Short text fragments from websites:
■ ■ ■ ■

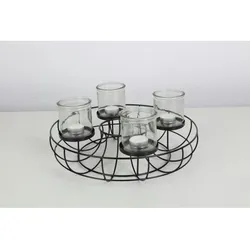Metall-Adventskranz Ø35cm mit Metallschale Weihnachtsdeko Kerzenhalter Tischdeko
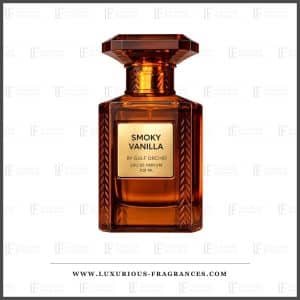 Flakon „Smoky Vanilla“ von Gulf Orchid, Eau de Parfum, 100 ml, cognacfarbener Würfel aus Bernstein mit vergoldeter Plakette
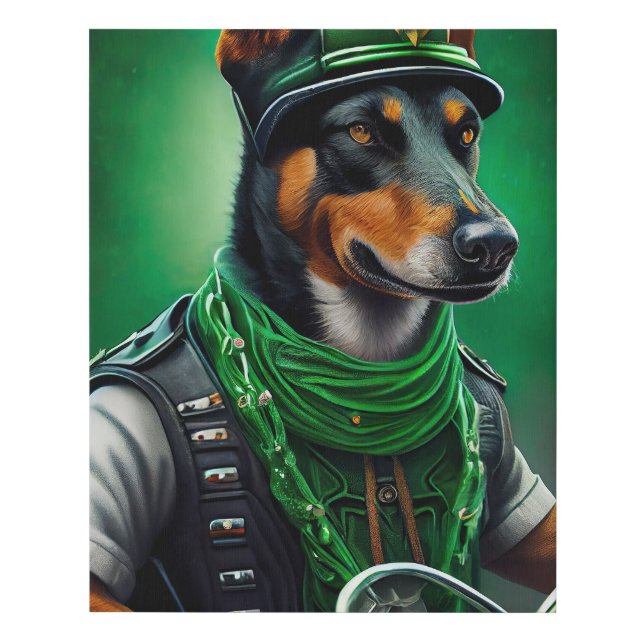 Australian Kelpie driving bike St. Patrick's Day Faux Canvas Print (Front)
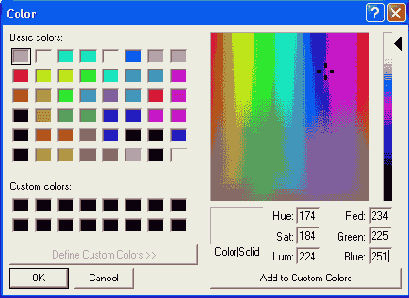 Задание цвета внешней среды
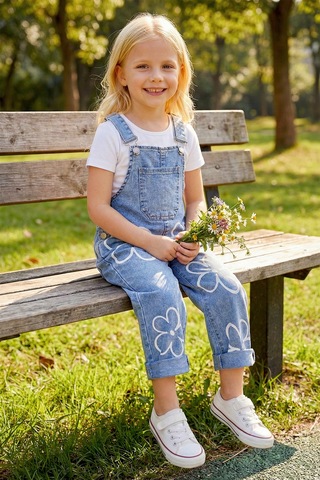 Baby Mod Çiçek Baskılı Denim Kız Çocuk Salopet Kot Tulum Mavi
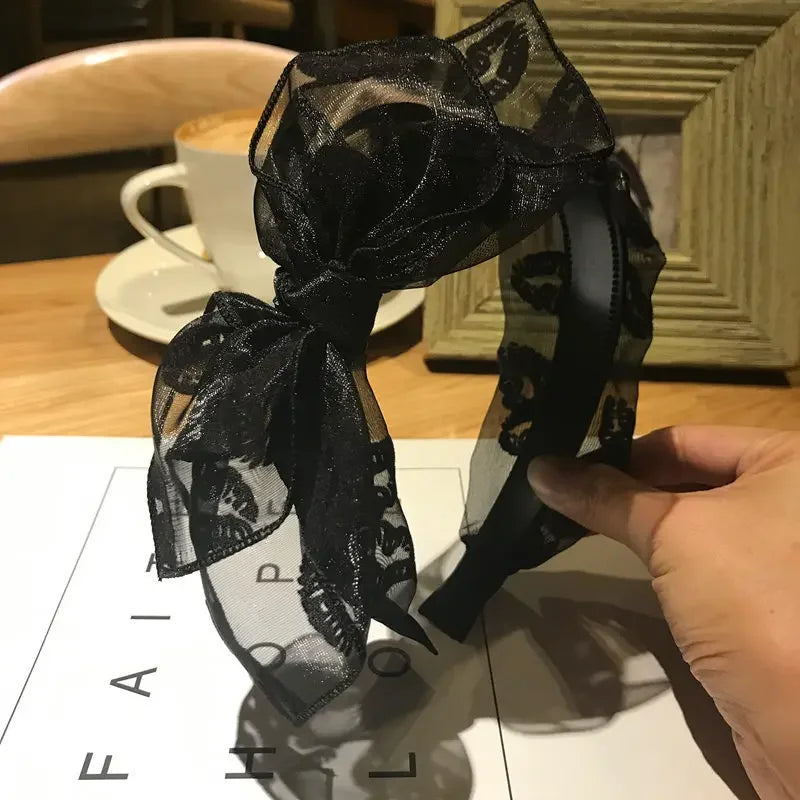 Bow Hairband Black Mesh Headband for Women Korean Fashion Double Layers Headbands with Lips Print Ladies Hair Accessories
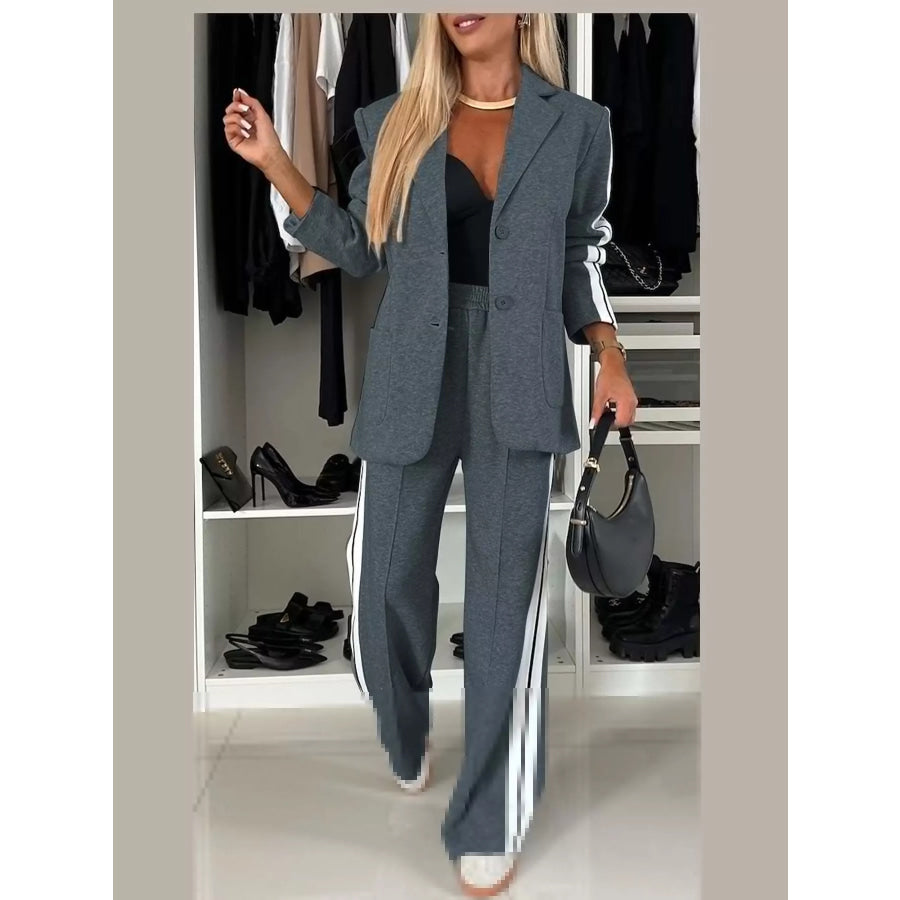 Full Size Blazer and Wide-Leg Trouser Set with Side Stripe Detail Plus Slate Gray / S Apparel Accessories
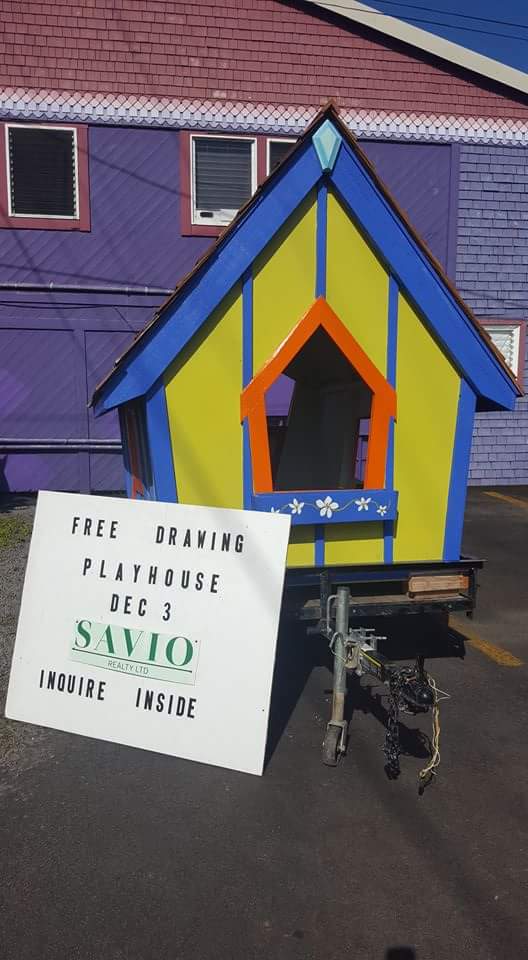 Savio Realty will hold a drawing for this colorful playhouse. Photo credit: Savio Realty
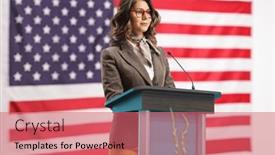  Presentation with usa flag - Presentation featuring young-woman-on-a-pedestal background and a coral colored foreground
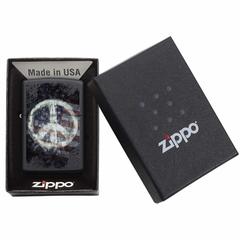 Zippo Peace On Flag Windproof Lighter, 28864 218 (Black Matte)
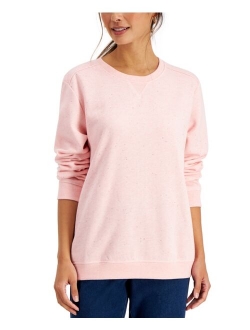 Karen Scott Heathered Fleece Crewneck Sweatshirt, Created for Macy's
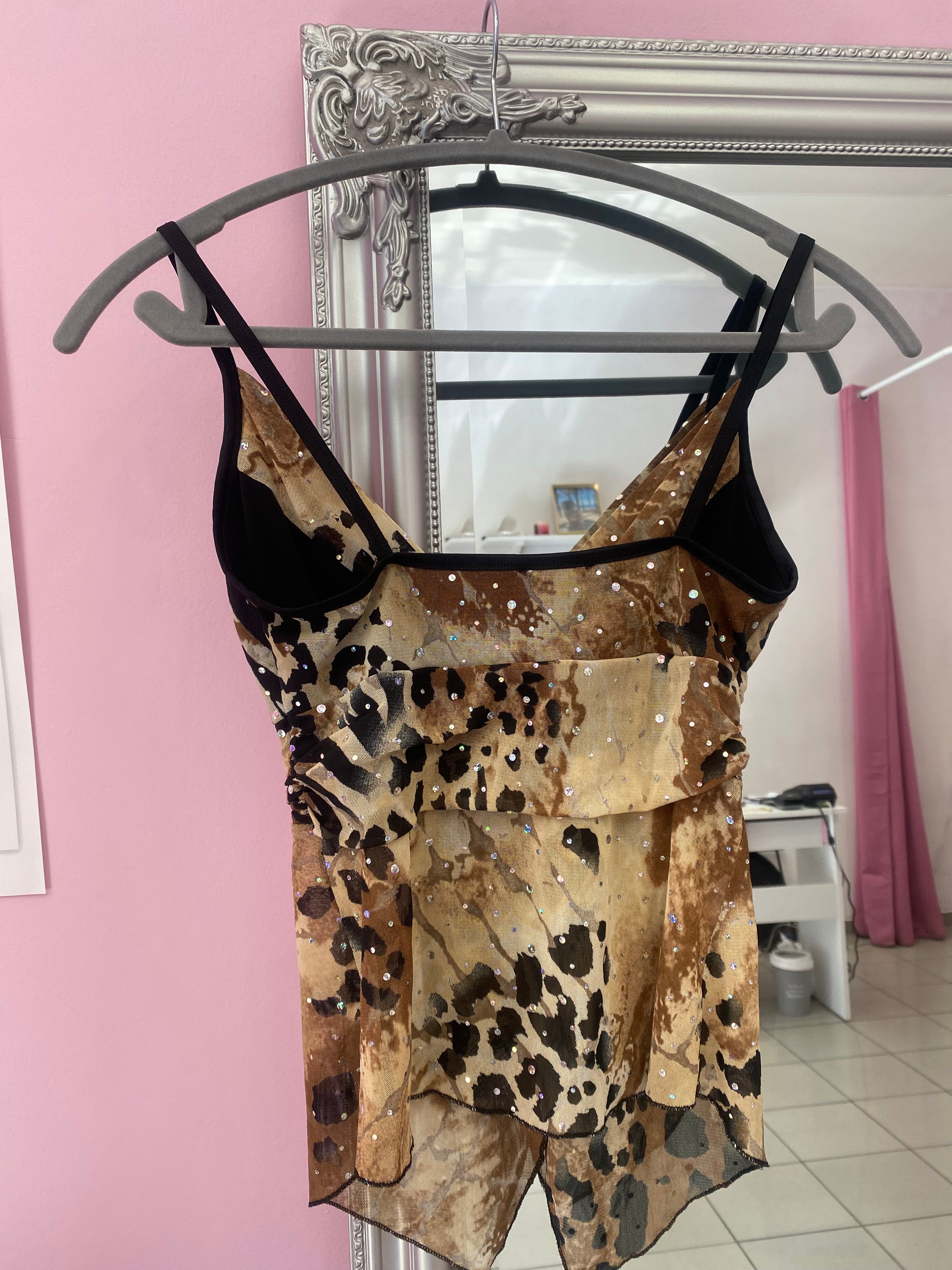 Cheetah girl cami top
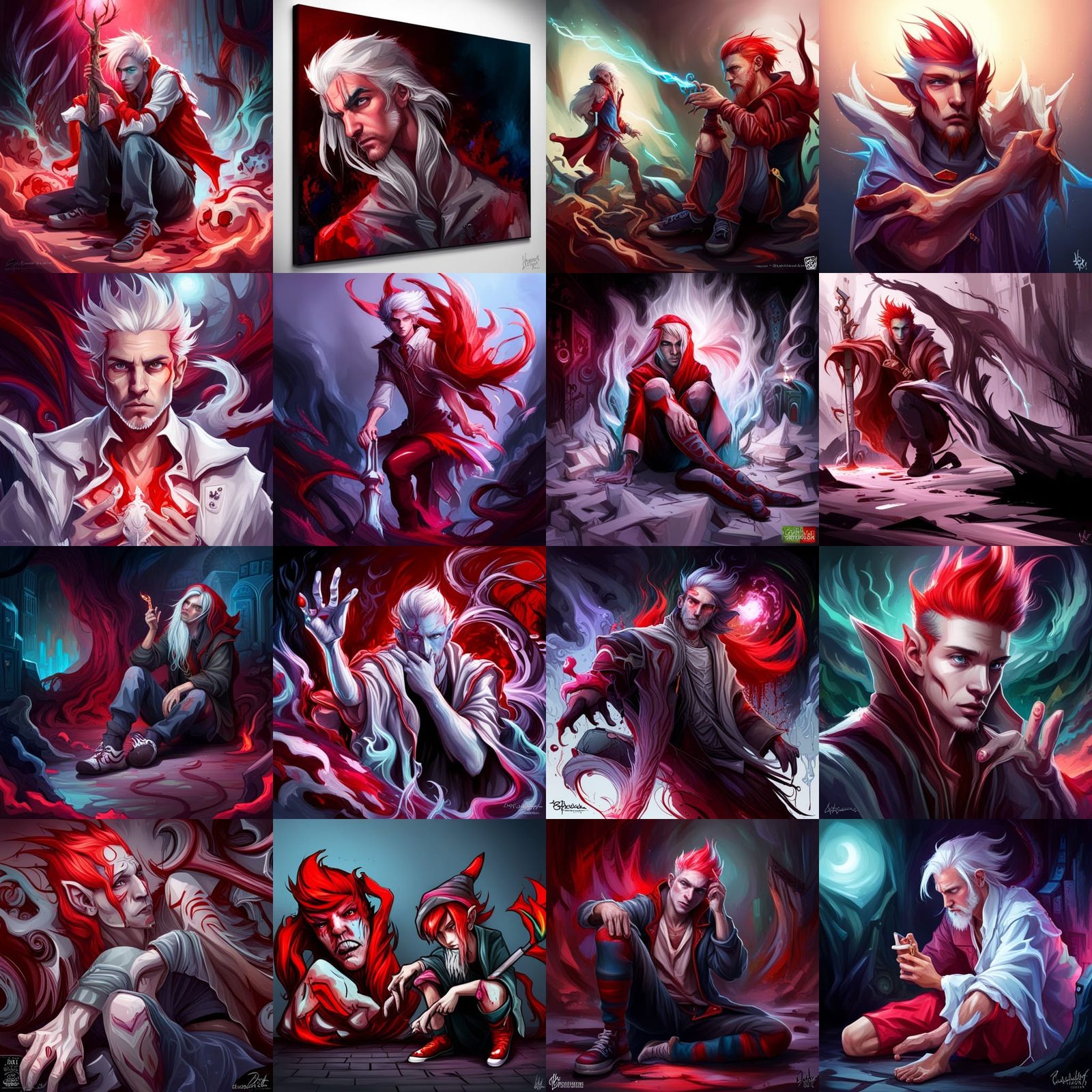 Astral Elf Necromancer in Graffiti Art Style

■ ■ ■ ■

--- Exercise ---
For this exercise, return exactly the lines above from the line with "Presentation with usa" through the line with "Cheetah girl cami top", both included. Do not copy the pictures.

--- Answer ---
  Presentation with usa flag - Presentation featuring young-woman-on-a-pedestal background and a coral colored foreground
 Zippo Peace On Flag Windproof Lighter, 28864 218 (Black Matte)
 Karen Scott Heathered Fleece Crewneck Sweatshirt, Created for Macy's
 Cheetah girl cami top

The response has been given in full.